В одну из таких минут передышек, когда боевых вылетов не было, мы сидели на опушке подступавшего к самому аэродрому леса возле костра, где пеклась картошка. Картошку пилоты привезли с собой в бомболюках. Идея загрузить бомболюки картофелем принадлежала Ивану Гусеву и Паше Иванову. Оба они обладали отменным аппетитом, о котором в полку складывались чуть ли не легенды. Гусев привез свой неукротимый аппетит из блокадного Ленинграда, а Иванов любил поесть, видимо, по причине своей комплекции. Когда оба появлялись в летной столовой, официантки, улыбаясь, спрашивали:
— Аппетит прежний?
— А что ему сделается! — абсолютно серьезно отвечали Гусев и Иванов.
И на столике перед каждым из них появлялись по две-три порции супа, столько же котлет с гарниром, по три кружки компота и изрядное количество ломтей хлеба. Летчики, подшучивая и пересмеиваясь, исподтишка наблюдали, как уписывают друзья тарелку за тарелкой. Особое рвение проявлял Гусев. Наголодавшись за блокаду, он вообще не мог равнодушно относиться к чему-либо съестному.
И вот когда полк получил приказ перебазироваться на новый аэродром близ одной из деревушек в Венгрии, Гусев предложил захватить на новое место мешки с картофелем.
— Не пропадать же добру! — уговаривал он летчиков. — Неизвестно еще, чем нас в этой Венгрии кормить будут.
— Да ты что, спятил? — возражали ему. — У нас и так груза под завязку! Чехлы, стремянки, колодки… Да мало ли! А он — картошку! Не в гондолы же ее насыпать.
— Зачем в гондолы! — стоял на своем Гусев. — А бомболюки на что? Туда и загрузим. Сами же потом спасибо скажете.
— А если вдруг враг под крылом? Чем бомбить будешь — картошкой? — подшучивали над Гусевым.
— Бомбы мы на новом месте получим, — не сдавал позиций Гусев. — А вот ежели брюхо подведет, не до смеха будет. У снабженцев как? Нынче густо, завтра пусто…
В общем, уговорил. Так и пропутешествовала картошка в бомболюках по воздуху. А теперь пришлась кстати: пеклась в золе под углями.
— Ушицу бы к ней в котелке сварить, — мечтательно сказал Иванов. — В здешней речке, говорят, рыбы пропасть.

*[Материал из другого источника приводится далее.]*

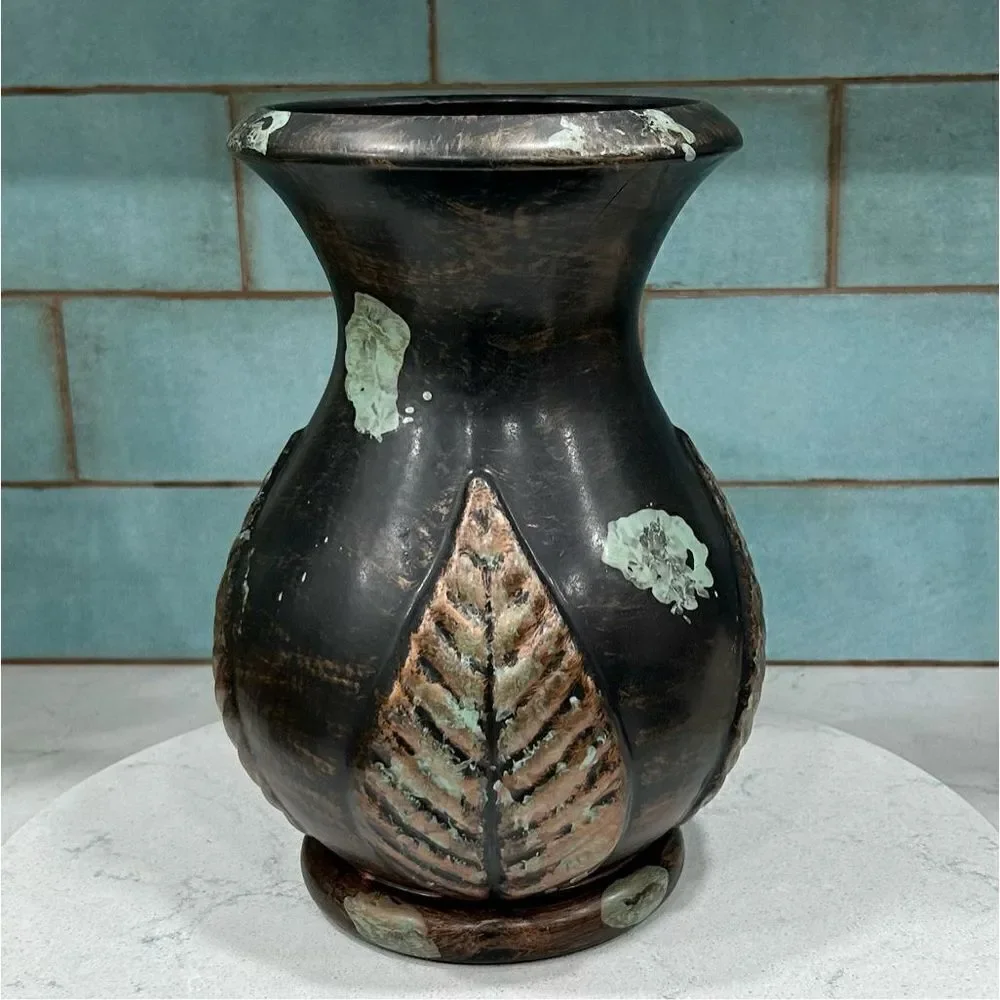 Haeger Flower Vase One Size Copper Brown Mottled Glaze Pottery Vintage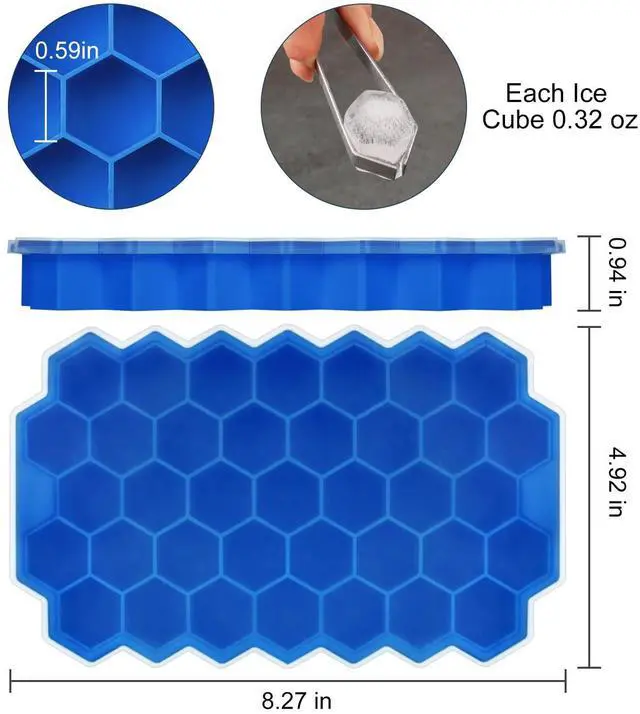 Alt view image 2 of 6 - Ice Cube Trays for Freezer with Lid-37 Grid Silicone for Small Ice Cube Molds,Easy-Release Reusable in Organizer Bins or Ice Bucket for Cocktail bar or Iced Coffee Cup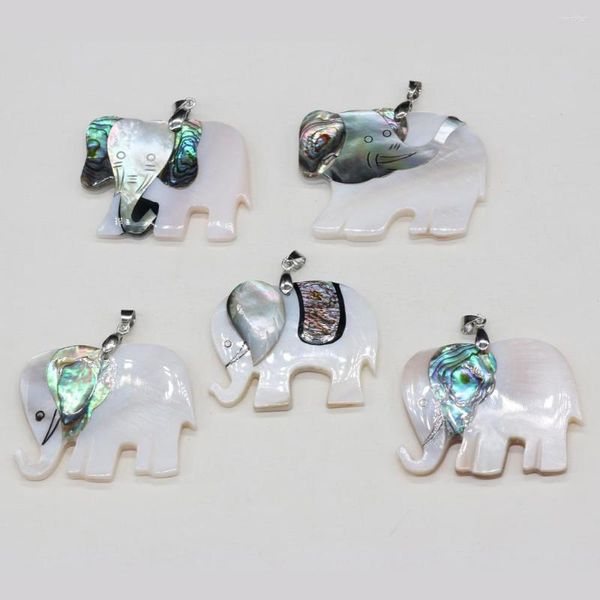 Collares pendientes Concha de abulón natural Encantos de elefante lindo Animal Madre de perla para hacer collares de bricolaje Mujeres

— Какая тут рыба! — лениво возразил Пряженников. — Если и была, немцы небось всю выловили. Да в придачу мин набросали. Ты за окуньком, а тебя ка-ак жахнет! Враз про уху забудешь.
— Насчет рыбы ничего не скажу, а пляж здесь хороший, — вставил слово Лядский.
— А вот Юра Четиченко вернется, спросим! И про пляж, и про рыбу, — вступил в разговор еще кто-то из летчиков. — Он с полчаса уж как купаться ушел.
— А вот это напрасно, — нахмурился Саша Пряженников. — Как бы беды не случилось…
В этот момент, как бы в подтверждение его слов, в стороне за деревьями послышался глухой взрыв.
Летчики вскочили на ноги. Неужели правда? Один и тот же тревожный вопрос застыл на наших лицах. Пряженников не преувеличивал. О злобном коварстве фашистов мы уже хорошо знали. Будь их воля — истребили бы каждого: от малого ребенка до столетней старухи. Отступая, они закладывали где попало взрывчатку, мины, фугасы, охотились не на одних солдат, а на всякого, кто зазевается.
Через минуту мы уже бежали березняком к речке, бежали, еще не веря до конца, что произошло непоправимое…
Пряженников в своей мрачной догадке оказался прав. Юра Четиченко, молодой летчик, успевший совершить более двадцати боевых вылетов, подорвался во время купания на искусно замаскированной мине. Ему оторвало обе ноги. К вечеру мы похоронили любимца полка — светловолосого парня, всегда добродушно улыбавшегося, стремившегося быть полезным всем и каждому. Ему едва исполнилось двадцать лет.
На могиле Юры мы поклялись отомстить за его смерть, не щадя фашистов ни на земле, ни в воздухе. Сколько лет шла война, а мы так и не смогли привыкнуть к лютым, нечеловеческим и часто просто бессмысленным их зверствам, Порой казалось, что по ту сторону линии фронта нам противостоят не люди, а какие-то вурдалаки из страшных сказок, принявшие человеческое обличье лишь ради маскировки своей звериной сущности.